CIR at five years (5y-CIR) was 15.3% ± 0.9%. The most frequent site of relapse was BM. The 5y-CI of isolated CNS relapse and combined relapses with CNS involvement was 1.7% ± 0.3% and 1.8% ± 0.3%, respectively. Only one patient with IR risk developed an acute myeloid leukemia as a secondary neoplasm after first CR of 21.6 months.
3.4 Toxicity
Death during induction happened in 36 patients (1.6%), 27 due to infection and nine due to bleeding. Death due to nonrelapse causes after archiving CR happened in 64 patients (2.9%): 21 at early intensification, 14 at consolidation, 10 at delayed intensification, 11 during maintenance and another eight after stem cell transplantation. The cause of remission death was mainly attributed to severe infections (73.4%), and other causes included bleeding and multiple organ failure. Graft-versus-host disease was the main cause of death after transplant.

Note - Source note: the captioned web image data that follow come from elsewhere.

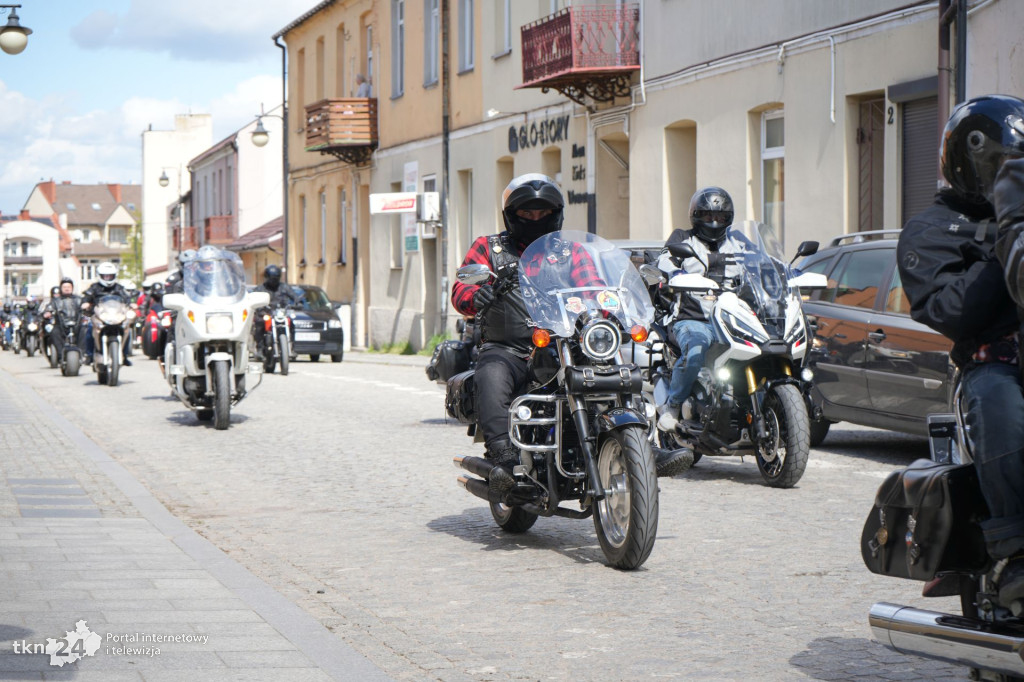 Ruszył sezon motocyklowy 2026 w Końskich!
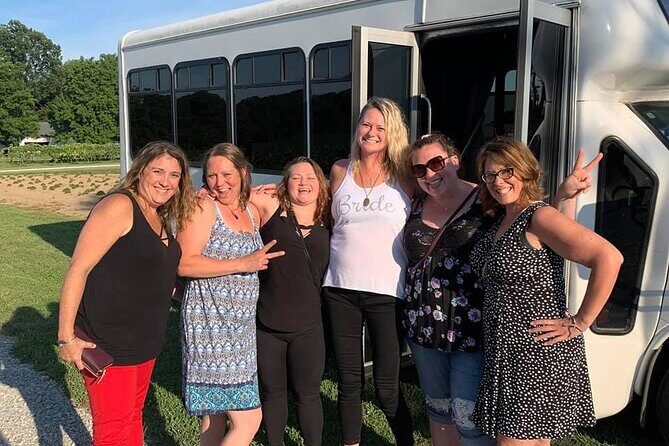 Top Shelf 14-Passenger Brewery Tour - What to Expect from the Top Shelf Brewery Tour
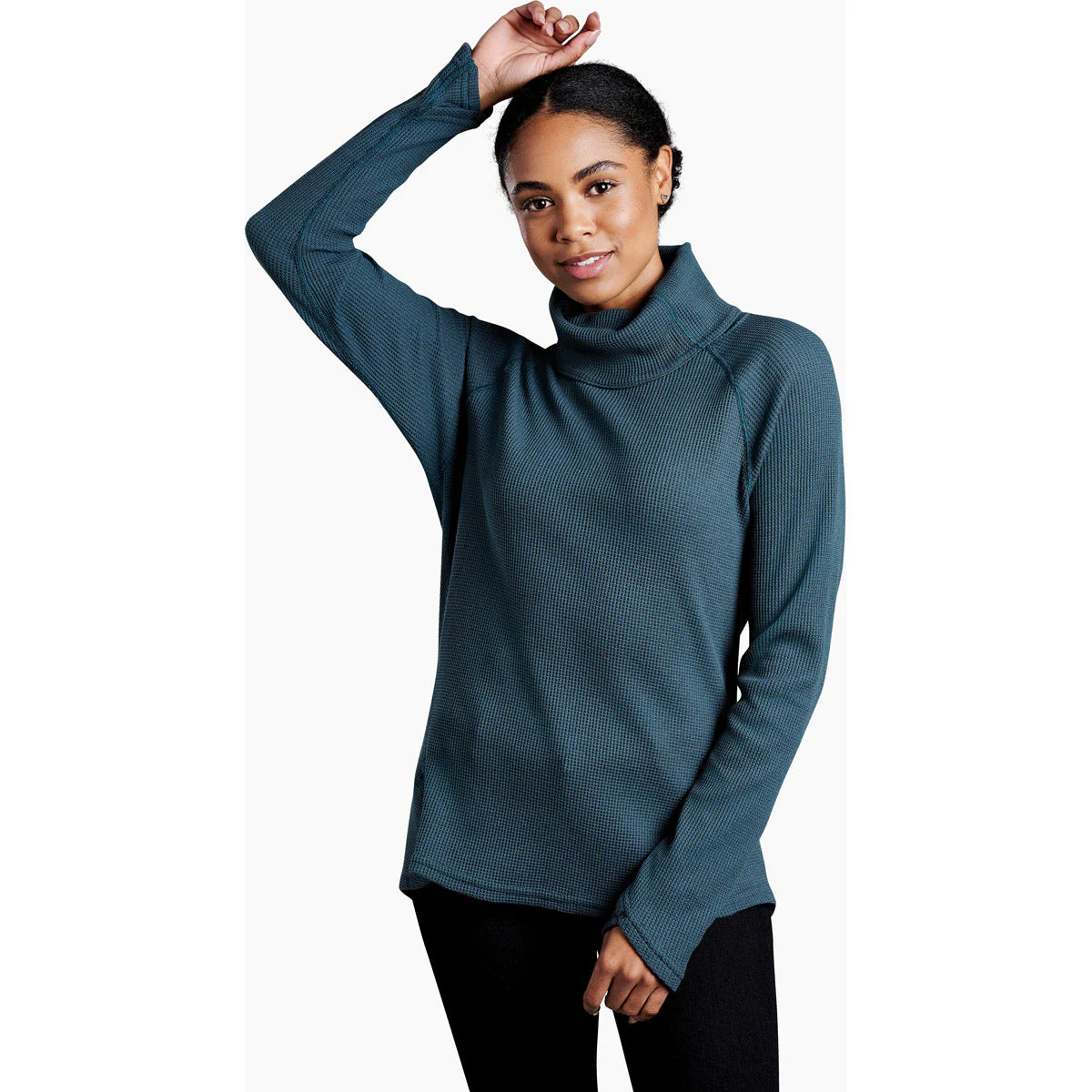 Women's Petra Turtleneck - Image 7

Septicemia was the major cause of treatment-related mortality, and infective pathogen was identified in 58.8% of these died cases (47/80). The majority were bacterial infections (59.6%), 25.5% were fungal, and 14.9% were viral. Other significant treatment-related toxicities included seizures, pancreatitis, thrombosis and osteonecrosis.
3.5 Comparison of the MRD group and non-MRD group
In the two centers piloting MRD stratification (the MRD group, n = 855), MRD monitoring had upstaged 246 (28.8%) cases from SR to IR, 18 (2.1%) patients from SR to HR, and 19 (2.2%) patients from IR to HR. Consequently, patients in the MRD group could be classified as MRD-SR, MRD-IR, and MRD-HR in 26.0%, 55.1%, and 18.9%, respectively, which was significantly different with that of the non-MRD group (n = 1376, SR: 46.9%, IR: 30.7% and HR: 22.4%, P < .001). Comparing treatment outcome of MRD group and non-MRD group (Supporting Information Figure S3 and Table S4), OS was similar in both groups (86.5% ± 1.2% vs 84.6% ± 1.0%, P = .273), but EFS was significantly better in the MRD group (82.4% ± 1.4% vs 78.3% ± 1.2%, P = .038). The CIR was significantly lower in the MRD group (10.7% ± 1.3% vs 18.0% ± 1.2%, P < .001).
We observed that the MRD group had more patients with favorable subtypes as compared with non-MRD group (Supporting Information Table S5), namely TEL/AML1 positive, good prednisone responders, non-M3 marrow on Day 15 induction. In multivariate analysis for prognosis (Supporting Information Table S6), sex, age, WBC counts, Immunophenotype, CNS status, BCR-ABL1, TEL-AML1, MLL rearrangement, prednisone response, BM blast on day 15 and 33, as well as the MRD-based classification were used as covariates, all of which reached a P value <0.1 in the respective univariate analysis. Adjusted for these factors, the MRD-based classification remained as an independent prognostic factor for both RFS and EFS.
3.6 HSCT
Forty of 470 HR patients received allogeneic HSCT in the first remission (26 with HLA-identical sibling donor, 11 with haploidentical donor, and two with matched unrelated donor). Stem cell source was BM in 15 cases, cord blood in 15 and peripheral blood in 10. The time interval from diagnosis to transplant was 7.2 months (2.5 - 20.0 months). Eight patients died from transplant-related complications. The SCT group had the trend of better OS (79.7% ± 6.4% vs 66.9% ± 2.5%, P = .170) and EFS (75.0% ± 6.8% vs 58.4% ± 2.7%, P = .065) than the chemotherapy HR group (Supporting Information Figure S4). The CIR in HSCT group was 10.0% ± 2.3%, which was significantly lower than those HR patients treated with chemotherapy (29.7% ± 6.6%, P = .002). Details of randomization for maintenance in SR and IR patients will be reported separately. There was no statistical difference in the outcome of the two arms (Supporting Information Figure S5).
4 DISCUSSION
This was the largest multicenter clinical trial in childhood ALL in China. The previously reported single center studies in China were small size and some of them had incomplete recruitment, mainly due to high treatment cost.20, 21 From mid-2000s, the China government started to implement insurance coverage for children with serious illnesses, and then more families could receive treatment according to standard care.22 With this background, this multicenter study group was established. Six centers could not achieve 100% enrollment, however we did not observe any significant difference in the patients’ demographic features between the high and low recruitment groups, which suggested selection bias as unlikely.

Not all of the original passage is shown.